As regards the latter, on three occasions only has the Society carried a dispute before the Law Courts, and on each occasion it was successful.

Of crime there has occurred no more than enough to give relief to the uniform sunny prospect. James Maybrick, whose murder in 1889 aroused such a painful interest, was insured with the Society for £500. On the other hand, Lamson, insured for £1000, was hanged for murder on 28th April 1882. In both these cases, as in two or three others of a similarly sinister kind, the claims arising on the policies have been settled at once.

Losses through fraud have been exceedingly rare, the most remarkable and most recent case being that of a man named Von Scheurer, who in June 1883 effected insurance with the Society for £2000. His death was reported as having taken place in Paris on 6th November following, certified as being caused by galloping consumption (Phthisia galoparnte).
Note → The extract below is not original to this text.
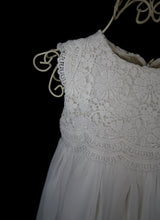 Molly - White Guipure lace Flower Girl Dress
After special enquiry had been made in Paris, the claim was admitted and paid to an unmarried woman giving the name of Juliana Metz von Bankfalva, who produced a deed dated 27th September assigning the policy to her.

It then turned out that Von Scheurer was insured in various offices for sums amounting to £13,800. Nothing more was heard in the matter until 1887, when an informer turned up, declaring that Von Scheurer was still alive, and offering to reveal his hiding-place for the sum of 1000 francs (£80). The French Government took up the affair, when it was proved that Von Scheurer had found a man in very poor circumstances in an advanced stage of pulmonary consumption, persuaded him to go for treatment to the house of a certain physician with whom he (Von Scheurer) was well acquainted, where the poor fellow died. It appears that this doctor was in the conspiracy from the beginning, for he made out a certificate of death in the name of Von Scheurer.
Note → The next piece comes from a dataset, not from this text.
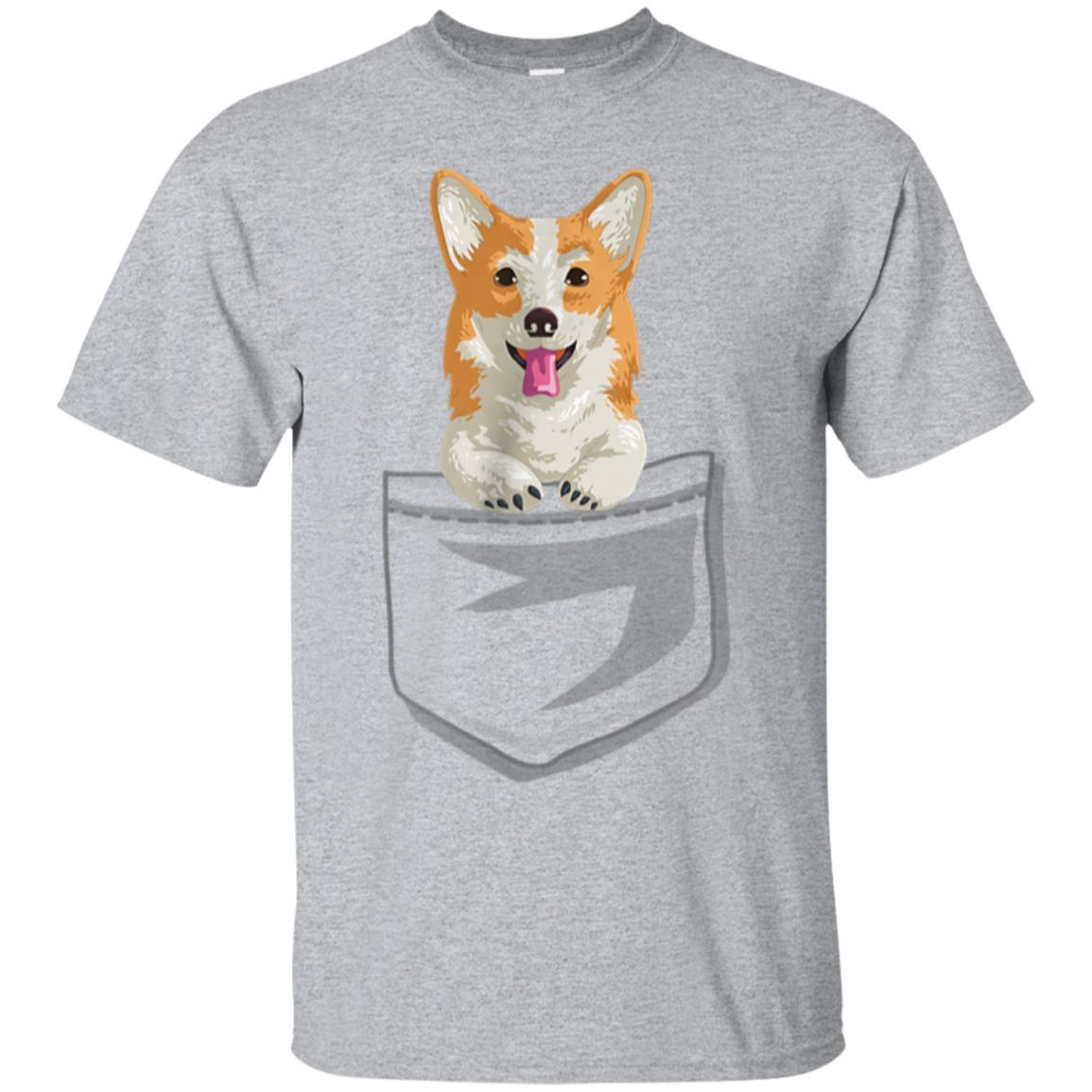 Cute Corgi In your Pocket T-Shirt Fun Puppy Gift Shirt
Meanwhile Von Scheurer had taken up his abode in Vienna, where he assumed the names, first of De Salis and then of Ropers, under the latter of which he went through a form of marriage with his accomplice Juliana Metz, notwithstanding that he had a wife living. When the pursuit became hot he committed suicide, after writing to the highly respectable firm of solicitors who, all unconscious of his true character, had managed his affairs, protesting that he was the true culprit, that Juliana Metz was his victim and had acted out of love for him and under threat that he would commit suicide if she held back. She paid for her devotion to this rascal by undergoing a sentence of four years' penal servitude for fraud; and when she regained her freedom she made the best reparation in her power. Von Scheurer or Ropers had left all his property to Juliana by will; she waived her claim to it, allowing it to be handed over to the assurance companies which her paramour had defrauded. The proceeds sufficed to recover for them about fifty per cent of their losses.

Members of the Society sometimes disappear and their policies lapse. In such cases the utmost diligence is exerted by the Society to recover traces of them and to find their representatives. Among the lives lost in the Titanic disaster only two were insured with the Scottish Widows', a bandsman for £100 and a valet of one of the passengers for £200.

In closing this brief review of the origin and progress of the Scottish Widows' Fund Life Assurance Society, it may be observed that, founded primarily as a philanthropic undertaking, and, as such, prefacing its first business meeting by an invocation of Divine aid and favour, it has developed into one of the chief financial institutions of the realm, whereof it may surely be said in the words applied in another connection by Lord Macaulay "It is sound at heart; it has nothing of age but its dignity, and its strength is still the strength of youth."